İnsanın sosyal bir varlık olarak yaratıldığına dikkat çeken Tarhan, modernizmin insanı yalnızlaştırarak bağlanma duygusuna zarar verdiğini vurguladı. Tarhan; “İnsan tabiatı itibariyle tek başına yaşamaya göre programlanmamış. Hatta bununla ilgili çeşitli deneyler yapılıyor. Bir grup denek bir adaya konuluyor. Onlara hiçbir görev verilmeden, bir arada yaşayın arada da yaşadıklarınızı raporlayın diyorlar. Üç ay sonra şiddet olaylarını ölçüyorlar. Daha sonra aynı yaş grubunda, aynı özellikli başka bir grubu deniyorlar. Onlara buradaki ateşi üç ay boyunca devamlı yakma ödevi veriliyor ve bakılıyor ki ateş yakma ödevi olanlarda daha az şiddet ortaya çıkıyor. İnsan, sosyal bir varlık ama sosyal bir hedef içerisinde olursa bunu daha iyi ifade edebiliyor. Bu sadece insan için değil, diğer canlılar için de geçerli. İnsanın genetik olarak bağlanma duygusu var. Anne ve çocuğu arasında güvenli bağlanma oluşması gerekiyor. Psikolojide ‘nesne devamlılığı’ dediğimiz kavrama göre bağlanılan nesne hayatın her evresinde farklılık gösteriyor.
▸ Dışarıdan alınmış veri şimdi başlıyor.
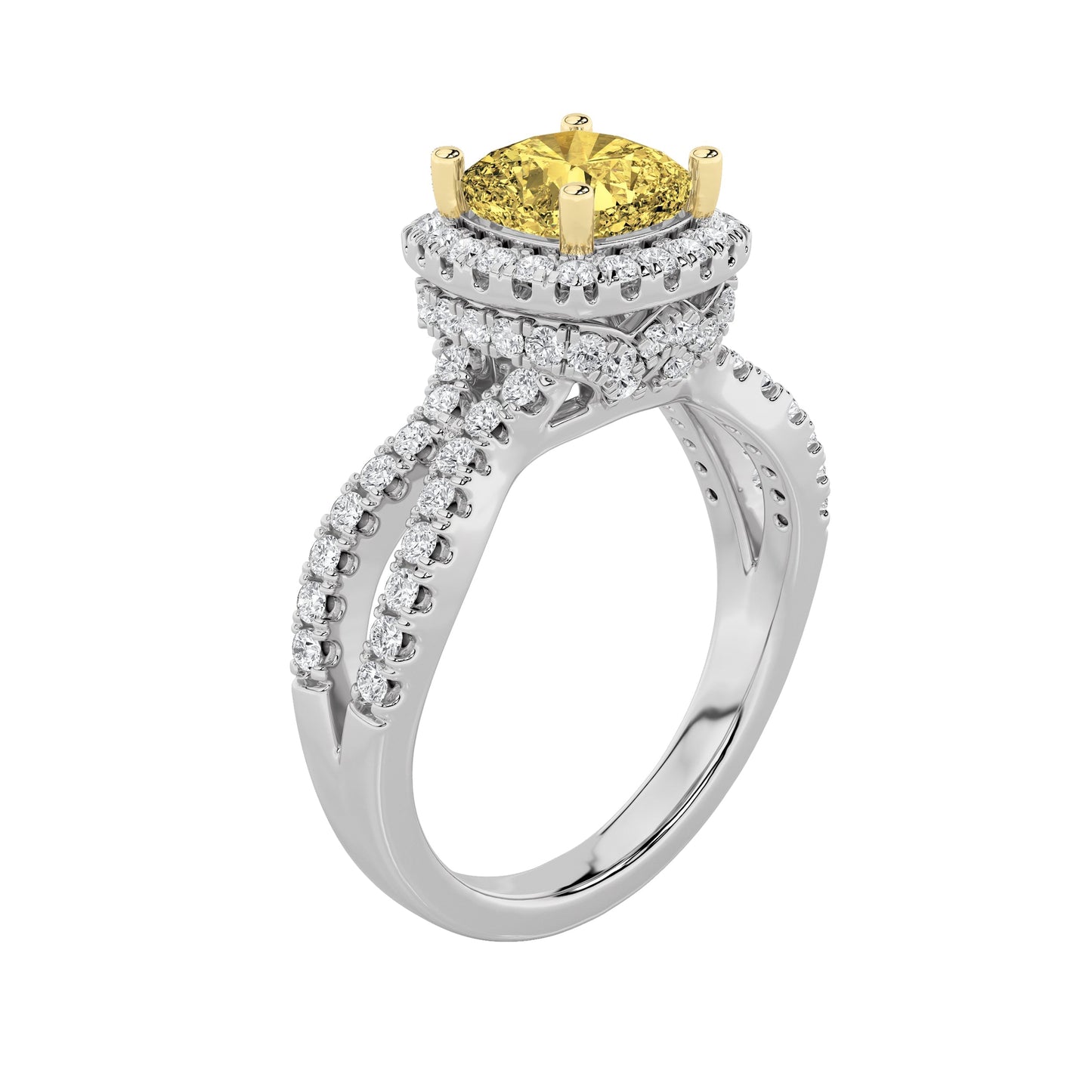 2.25Cttw Elongated Cushion Shaped Yellow Lab Grown Diamond (F/VS) Engagement Ring 14K Gold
Nesne devamlılığı yoksa çocuk kendini mutlu hissedemiyor. Günümüzün en büyük problemlerinden biri olan modernizm, bağlanmayı bozdu. İnsanın sosyal ve ailevi bağlarını zayıflattı, insanı yalnızlaştırdı. İnsanlar bağlanmamanın bedelini, yalnızlık olarak ödüyor. İngiltere ve Japonya, Yalnızlık Bakanlığı kurdu. Gençlerde sosyal izolasyon, yalnızlığa neden oluyor.” dedi.
“Huzursuz aile ortamı gençleri başka yollar denemeye itiyor”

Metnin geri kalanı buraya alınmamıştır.